Un altro aspetto del mancato aggiornamento è il risvolto legale. Il paziente potrebbe rivalersi più facilmente su un medico non formato…
«La nuova disciplina sulla responsabilità professionale prevede che ci sia un canone rigido di riferimento che riguarda i protocolli o le linee guida adottate. Per cui è evidente che un medico non aggiornato si presuppone che non sia aggiornato non tanto sulle novità scientifiche ma sulle procedure da seguire in determinati casi clinici. Questo naturalmente comporta l’insorgere di una responsabilità per esecuzioni che magari a rigore non sono sbagliate ma determinano un danno al paziente: magari prevedono un intervento chirurgico, delle lesioni permanenti quando ci sono tecniche ormai collaudate che possono evitare determinati interventi. Per esempio sul ginocchio si può operare in laparoscopia e non effettuare l’intervento chirurgico col taglio totale. Per cui nel primo caso del taglio del ginocchio non è che ci sia un errore nell’esecuzione ma è evidente che il mancato aggiornamento e la mancata applicazione di tecniche innovative determinano un danno. Immaginate una donna che ha una cicatrice sulla gamba, ha un danno anche estetico importante e questo è sicuramente fonte di responsabilità».
Lei ha richiamato la necessità di una sanità più trasparente. Si va in questa direzione o no?
«Si va nella direzione opposta. È sempre più opaco il rapporto, da questa vicenda del mancato aggiornamento traggo prima di tutto un aggiornamento: cioè che il sistema dei controlli non funziona. Non soltanto in questo ambito ma non funziona anche, per esempio, sulla rete di controllo ospedaliero, sulla opportunità delle prestazioni.
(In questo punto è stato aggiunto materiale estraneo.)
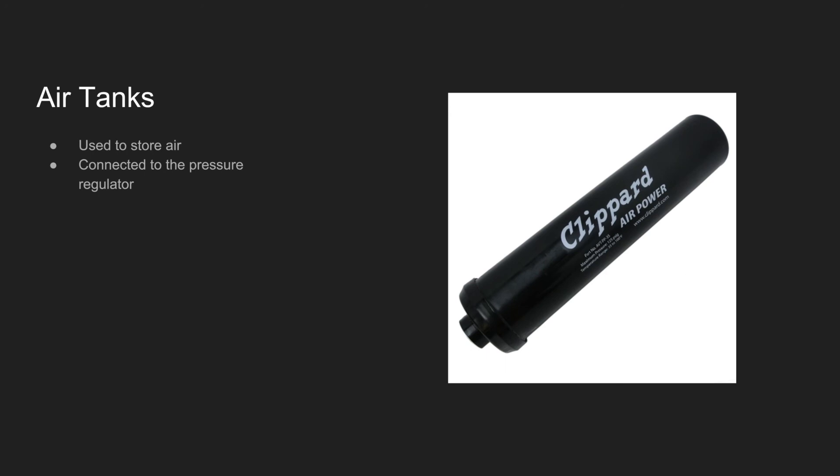That's all for today. These are the pneumatics components that will be seen most regularly in your pneumatics system. If you have any questions, feel free to email Team 1403, Cougar Robotics. Thank you.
Noi abbiamo un grande problema qui nel nostro Paese: l’opportunità delle prestazioni che vengono chieste. Ci si nasconde spesso dietro il concetto di medicina difensiva, ma è soltanto una banale scusa perché noi dobbiamo essere in grado sul caso concreto di capire se quel tipo di trattamento se quel tipo di esame che viene indicato siano opportune alla singola patologia che si sta ricercando».
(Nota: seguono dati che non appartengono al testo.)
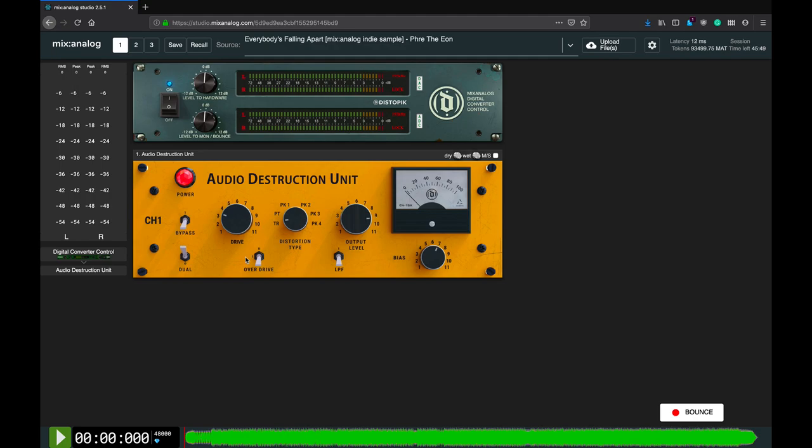From there on, adjust the drive setting again to fine tune the level of distortion. The distortion type selector switch lets you select different gain stage wiring and additional filters in the main gain stage. TR stands for triode wiring that sounds a bit warmer. PT stands for pentode wiring that's more present and aggressive.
Allora il paziente come si può difendere?
«Questo è un problema sempre più serio. Si deve formare. Viene spesso demonizzato internet. Ma la rete è un oceano di cose buone e di cose cattive. Tutte le cose vanno prese con le molle. Ma in maniera molto seria può accedere a informazioni qualificate, quindi privilegiando il Ministero della Salute, l’Istituto Superiore di Sanità, enti scientifici accreditati e si informa in modo che può fare delle domande al professionista che ha di fronte, chiedere delle specifiche, perché il primo medico di un malato è sè stesso. È lui che sente i dolori, che sente le difficoltà per cui può esprimersi in maniera più consapevole e il professionista è nelle condizioni di dare una diagnosi più azzeccata al caso concreto».